The process wide client_request_state_map_lock_ can be a highly contended lock. It is used as a mutex currently.
Changing it to a reader-writer lock and using it as a writer lock strictly only when necessary can give us some big wins with relatively less effort.
On running some tests, I've also noticed that changing it to a RW lock reduces the number of clients created for use between nodes. The reason being ReportExecStatus() that runs in the context of a thrift connection thread, waits for fairly long periods of time for the client_request_state_map_lock_ on high load systems, causing the RPC sender to be blocked on the RPC. This in turn requires other threads on the sender node to create new client connections to send RPCs instead of reusing old ones, which contribute to nodes hitting their connection limit.
So, this relatively small change can give us wins not just in terms of performance, but scalability too.
EDIT: Trying a WIP patch with RW locks on a larger cluster has showed that it works well (very well) in some cases, but regresses at other times. The reason being, we can't decide wether to starve readers or writers, and performance varies (drastically) according to the workload and the starve option.

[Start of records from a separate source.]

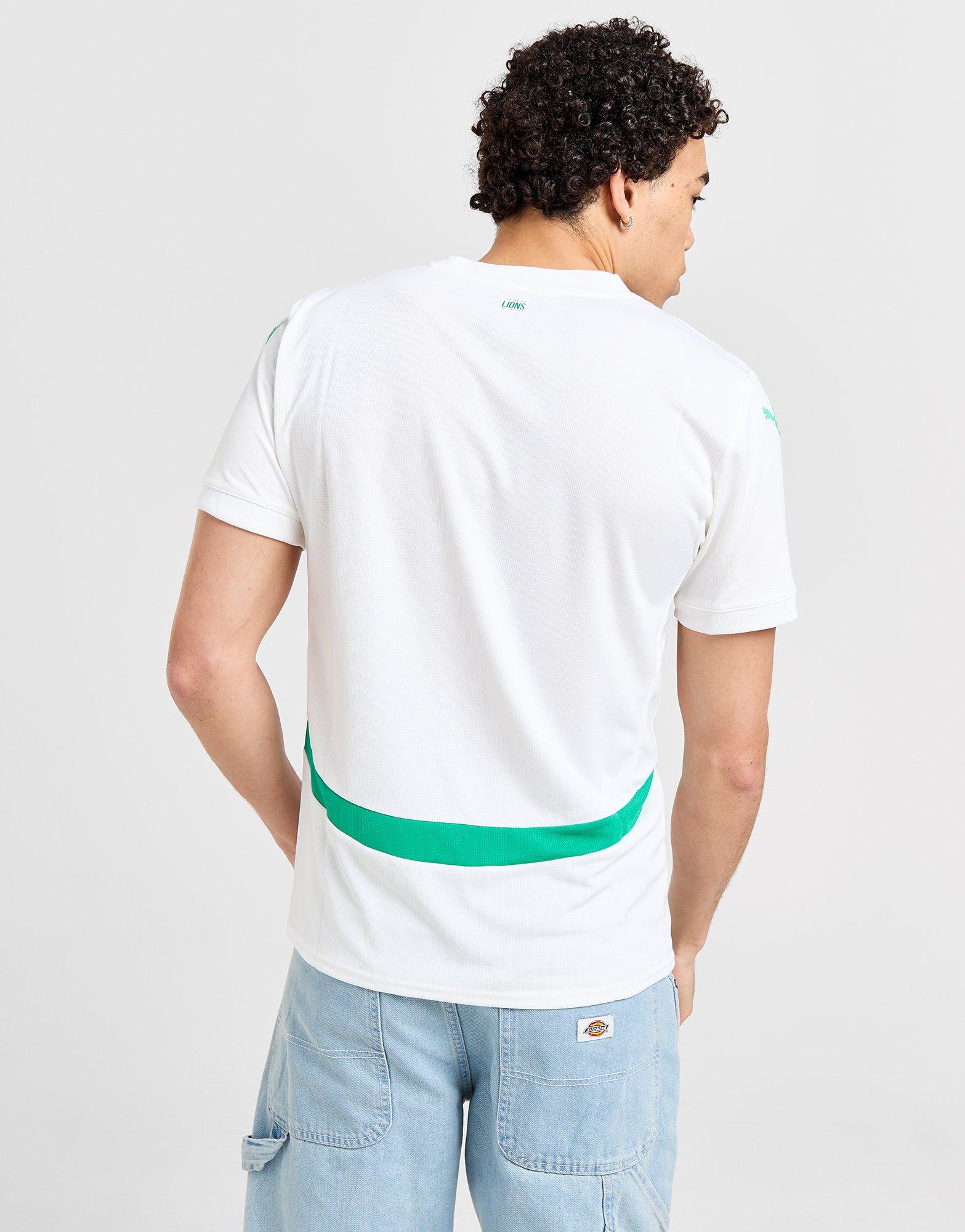 PUMA Senegal 2025 Home Shirt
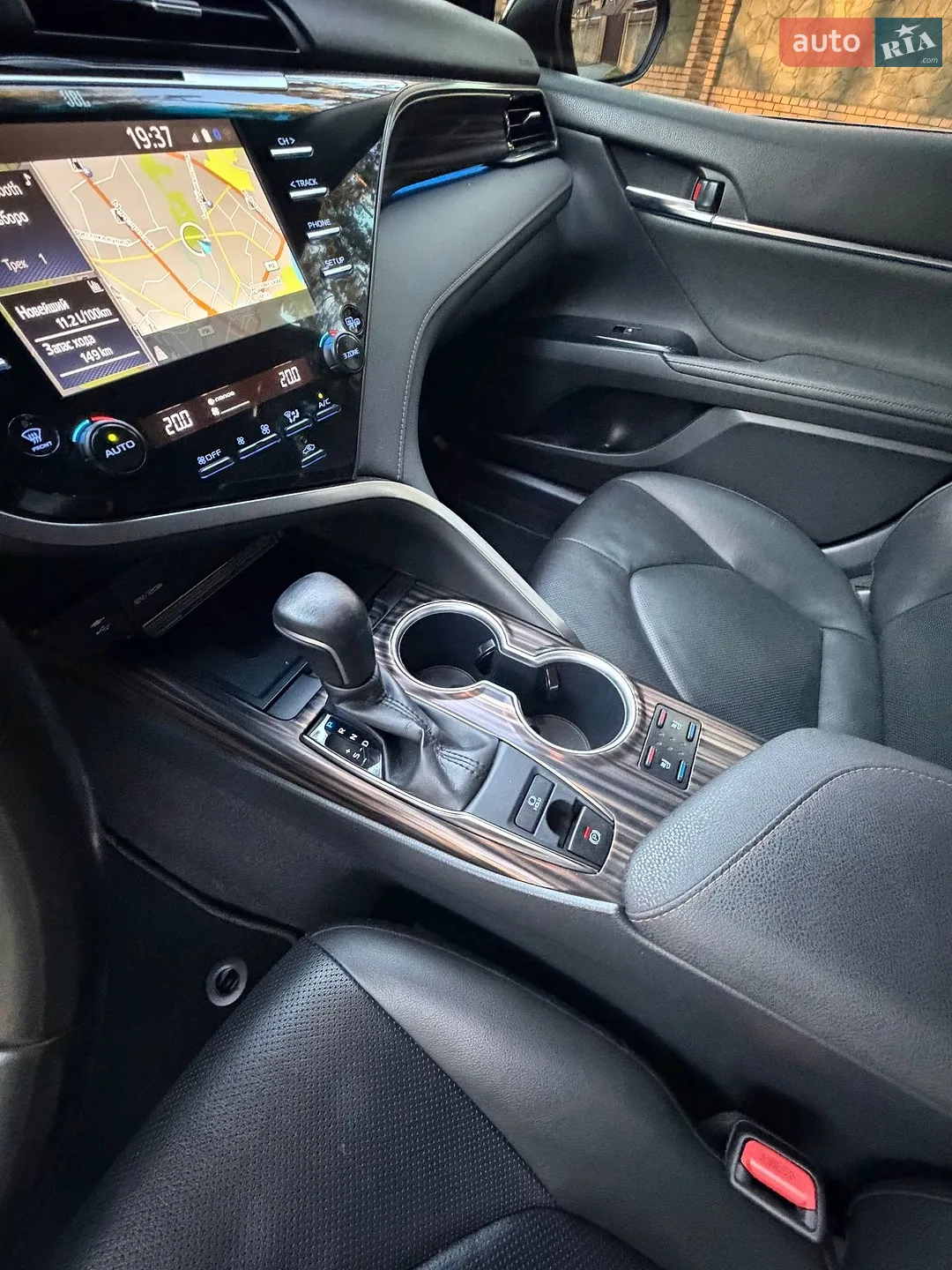 2020 Toyota Camry - мініатюра 44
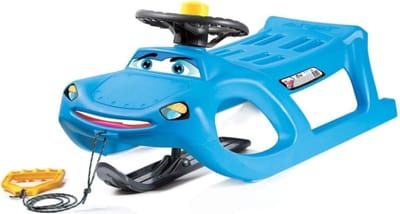 Prosperplast - Zigi-Zet Control - Slee - Blauw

We need to come up with other ideas to address this issue (A suggestion is to have some sort of bucketed locking scheme, where we split the query_exec_state_map_ into buckets where each bucket has its own lock, thereby reducing lock contention).
EDIT 2 (10/23/17): A simple approach that's tried and tested is to shard the lock and the map it protects, so it allows for better parallel accesses to the client request states. Also, more recent perf runs have showed qs_map_lock_ to be a frequent point of contention too. So, we're accounting for that in this JIRA too.